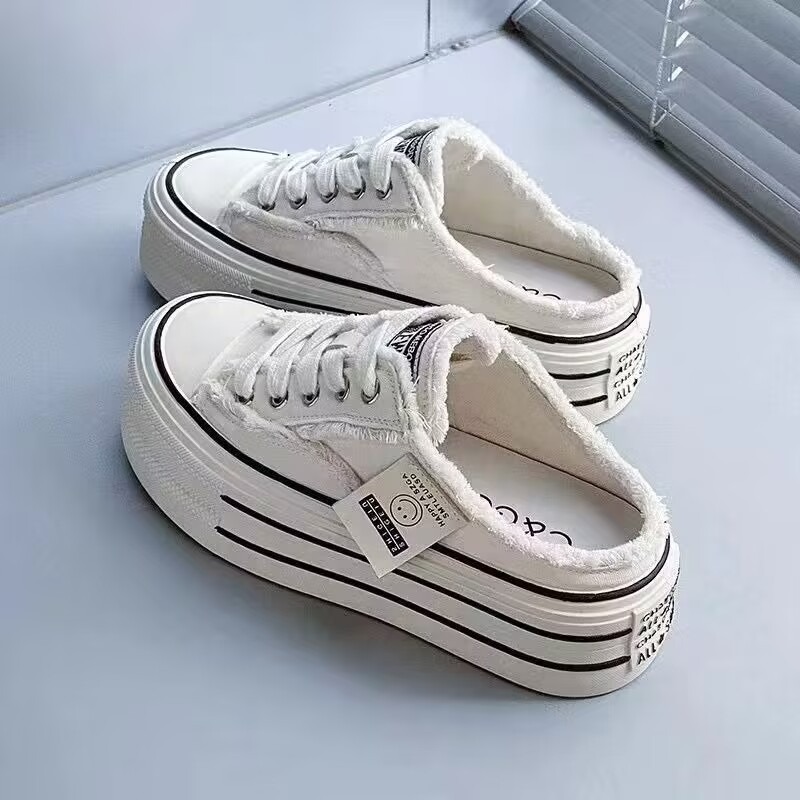 Zapatillas Baotou para mujer, zapatos de lona con cordones y cabeza redonda, sin tacón, suela gruesa perezosa, medio arrastre, otoño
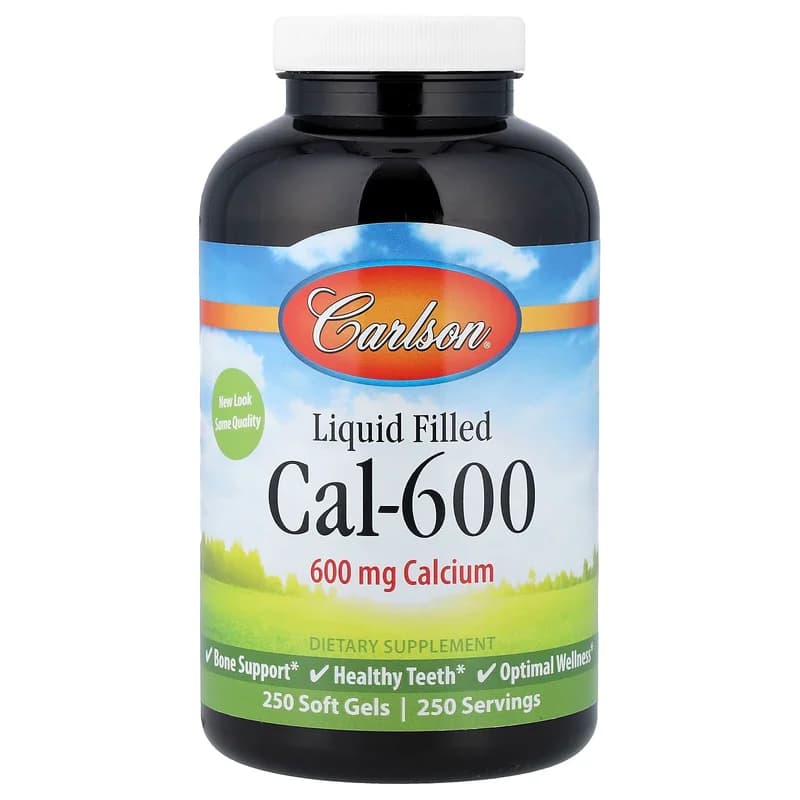 Carlson, Liquid Filled Cal-600, 600 mg, 250 Soft Gels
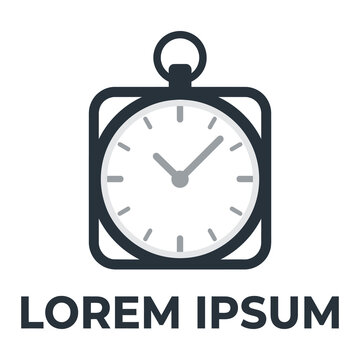 Stopwatch icon with clock face and lorem ipsum text icon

··········

What you have to do: The listing must be returned in full and exactly, apart from its pictures.

Answer:
 Zapatillas Baotou para mujer, zapatos de lona con cordones y cabeza redonda, sin tacón, suela gruesa perezosa, medio arrastre, otoño
 Carlson, Liquid Filled Cal-600, 600 mg, 250 Soft Gels
 Stopwatch icon with clock face and lorem ipsum text icon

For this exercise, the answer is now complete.